Our project hypothesizes that the interactions between the musculoskeletal and the immune system are important sources of divergence between healthy people and patients with OA. We postulate that they can be used to better understand the pathology of OA by distinguishing ageing specific changes from those that are OA specific. We recently showed that the immune cell composition of the blood of OA patients is quite divergent from that of aged-matched controls notably with major changes in CD4/CD8 T-cells, loss of regulatory T-cells and alteration in the T to B-cell ratio. Synovitis has been proposed as niche for B-cell maturation and the production of auto-antibodies in OA. However, B-cell infiltration in OA is quite independent of T-cells and the presence of germinal centre like structures is rarely observed.

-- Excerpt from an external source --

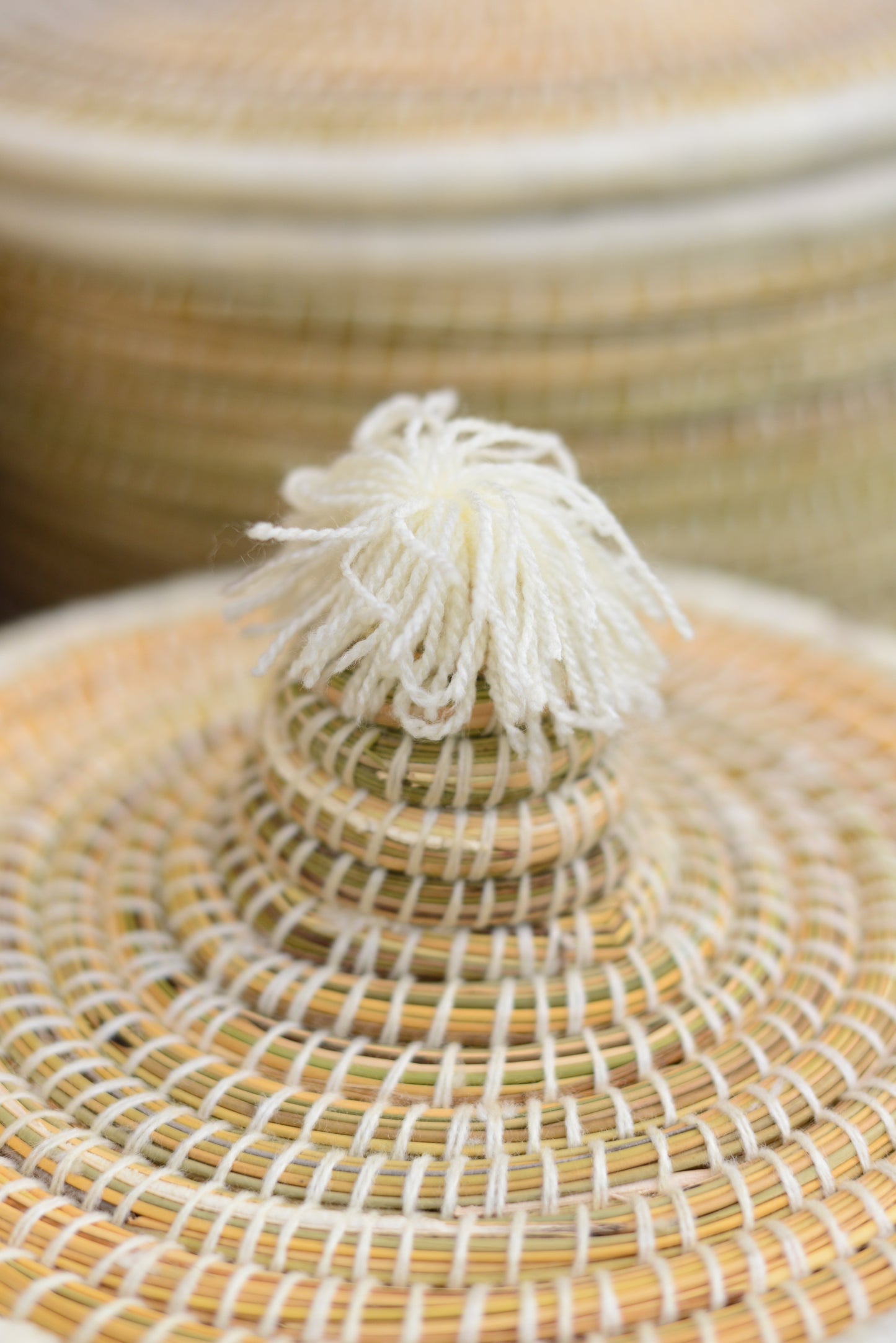Panier à linge naturel avec couvercle 60 cm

We are proposing to investigate the mechanism of auto-reactive B-cell development in OA under the hypothesis that it is T-cell independent and uses alternative maturation signals brought in by the innate immune system. The IgM repertoire is quite broadly developed (targeting many auto-antigens in health even at a younger age), however maturation of IgG is achieved with the help of T-cells. In ageing (and OA) T-cell help is defective and alternative signals can be used to mature B-cells. These include signals from the innate immune system, such as those provided by the activation of TLR on B-cells which result in the expression of the XBP-1 transcription factor, an essential regulator of B-cell maturation.
The events leading to B-cell maturation and isotype switching are known and steps are reproducible in vitro. B-cell cultures will be used to establish the role of TLR activation on B-cell maturation and effect on the activation of XBP-1. Gene expression profiling will address the pathways implicated in this alternative maturation process including XBP-1 and genes of the B-cell receptor and immunoglobulin rearrangement pathways. These profiles will be compared to those obtained from B-cell cultures stimulated with T-cell help signals (CD40::CD40L). Selected genes will then be tested in B-cells purified from the blood from healthy controls and OA patients and from OA synovial tissue to assess the mean by which B-cells mature and produce IgGs (i.e. T-cell dependent or independent pathways).